Gov. Ron DeSantis leapt into full disaster-prep mode Thursday, hopscotching along Florida’s east coast to confer with federal, state, and local emergency management officials and effecting a high public profile as Hurricane Dorian menaced the state’s east coast.
The governor’s daily schedule listed visits to the National Hurricane Center in Miami and local command centers in Brevard and Duval counties. The schedule also lists meetings with key aides, including Division of Emergency Management Director Jared Moskowitz and state meteorologist Amy Godsey. He spoke by telephone with Florida National Guard Adjutant General James Eiffert, the schedule says.
“The message, I think, right now, is that all Floridians really need to monitor Hurricane Dorian and make the necessary preparations,” DeSantis said during a news conference transmitted by live feed on his Facebook page. “This is a track that has a significant amount of uncertainty.”
The live feed cut out while the governor was in mid-sentence. Notwithstanding that glitch, the storm certainly will elevate DeSantis’ media profile within the state and likely nationally during the coming days.
Dorian is the first hurricane to threaten Florida since DeSantis took office in January, but he has been highly visible regarding recovery from Hurricane Michael, which trashed the Panhandle on Oct. 10. He spent his first full day in office surveilling Michael’s aftermath in the afflicted counties and has highlighted the state’s recovery efforts – and how his connections to President Trump purportedly drew federal dollars to Florida – ever since.
Locals, however, say the bulk of the recovery money still hasn’t reached the places that need it.

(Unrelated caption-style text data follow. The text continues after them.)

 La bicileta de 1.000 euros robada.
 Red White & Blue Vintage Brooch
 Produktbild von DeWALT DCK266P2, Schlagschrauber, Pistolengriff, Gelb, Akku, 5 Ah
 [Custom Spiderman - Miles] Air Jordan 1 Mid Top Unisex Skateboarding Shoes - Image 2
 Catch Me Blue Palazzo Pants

DeSantis is following the example of his predecessor, now-U.S. Sen. Rick Scott, who invited TV crews and other reporters along as he, for example, monitored Hurricane Hermine from the state’s emergency response center in Tallahassee in 2016 and afterward cleared debris on that city’s south side.

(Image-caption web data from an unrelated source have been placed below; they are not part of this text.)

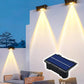 Wasserdichte Solar-Zaunleuchten für die Außendekoration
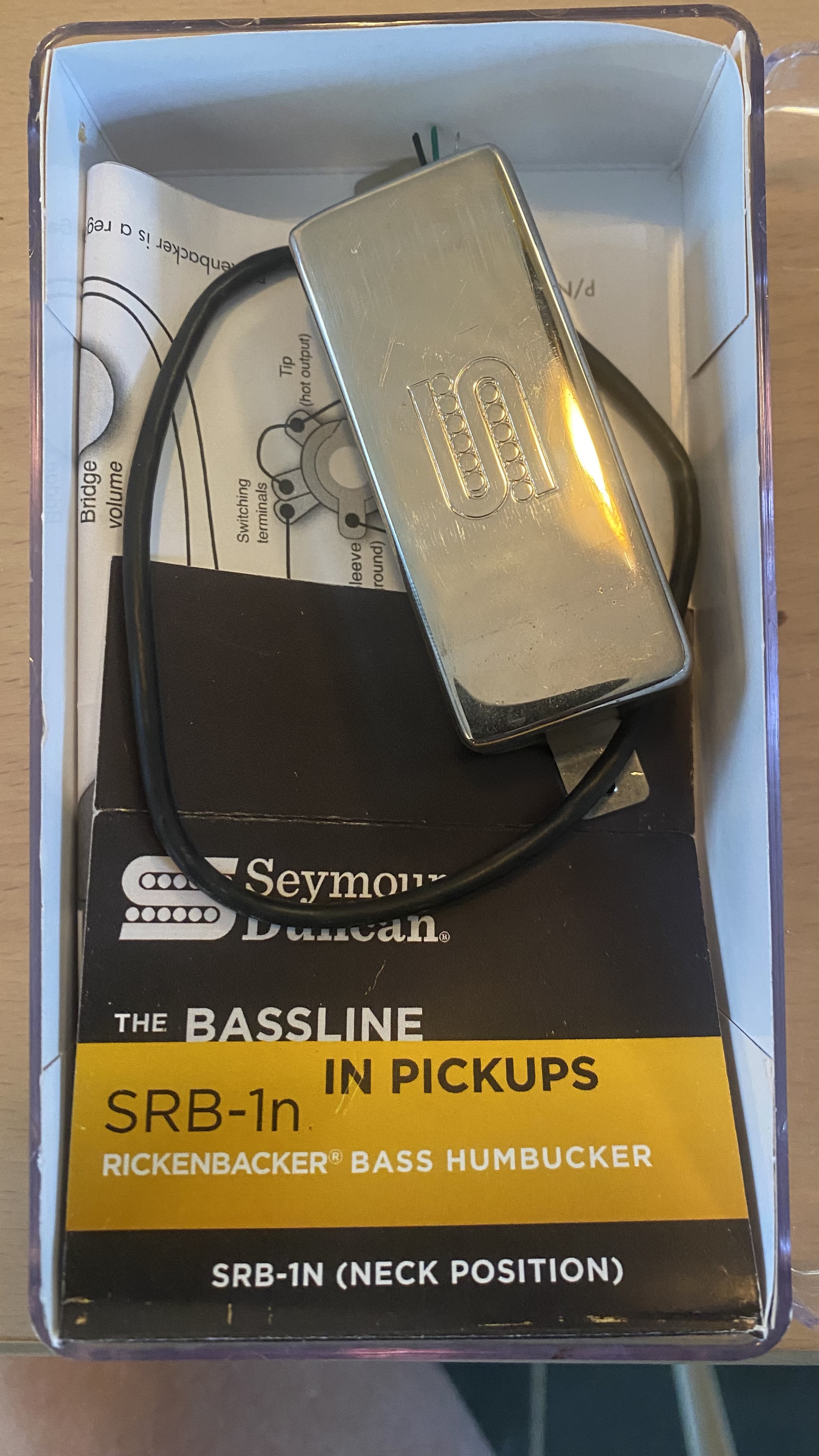 Micro Bass Rickenbacker Seymour Duncan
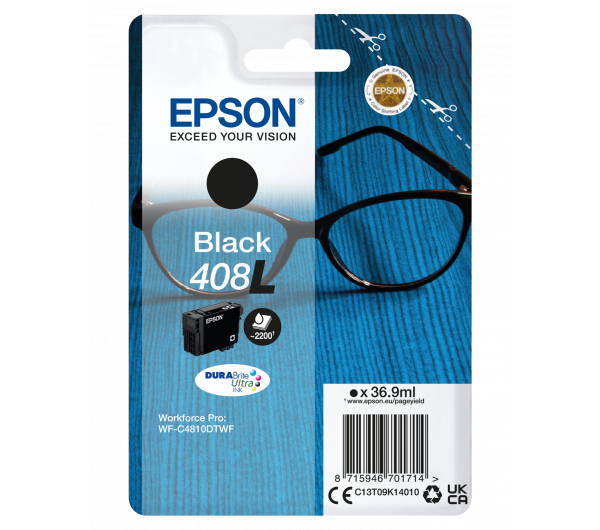 Epson T09K1 Tintapatron Black 36,9ml No.408L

A report in Florida Politics credits Scott’s visibility with contributing to his electoral ouster of long-term incumbent Democratic U.S. Sen. Bill Nelson last year. An analysis of Google search data by the Miami Herald and Tampa Bay Times highlights a conspicuous spike in Scott’s profile as he drew national coverage during Hurricane Irma in September 2017.
As for Dorian, DeSantis issued an emergency declaration Wednesday covering 26 counties stretching from the Florida Keys to the Georgia border. “We will likely be adding to that, in light of some of the additional forecasts,” he said Thursday.
The declaration allows the state to shift additional fuel to gas stations – Brevard County has already experienced shortages, the governor said. It also authorized deployment of the National Guard. “With a track like this, it’s uncertain where to deploy them, but the National Guard is going to be on deck for this.”
DeSantis spoke with President Trump Wednesday. The Federal Emergency Management Agency is dispatching personnel to Florida’s emergency management center, which DeSantis expects to be fully geared up by Friday.
DeSantis has also asked the federal government to dispatch generators and pumps to Florida in advance of landfall.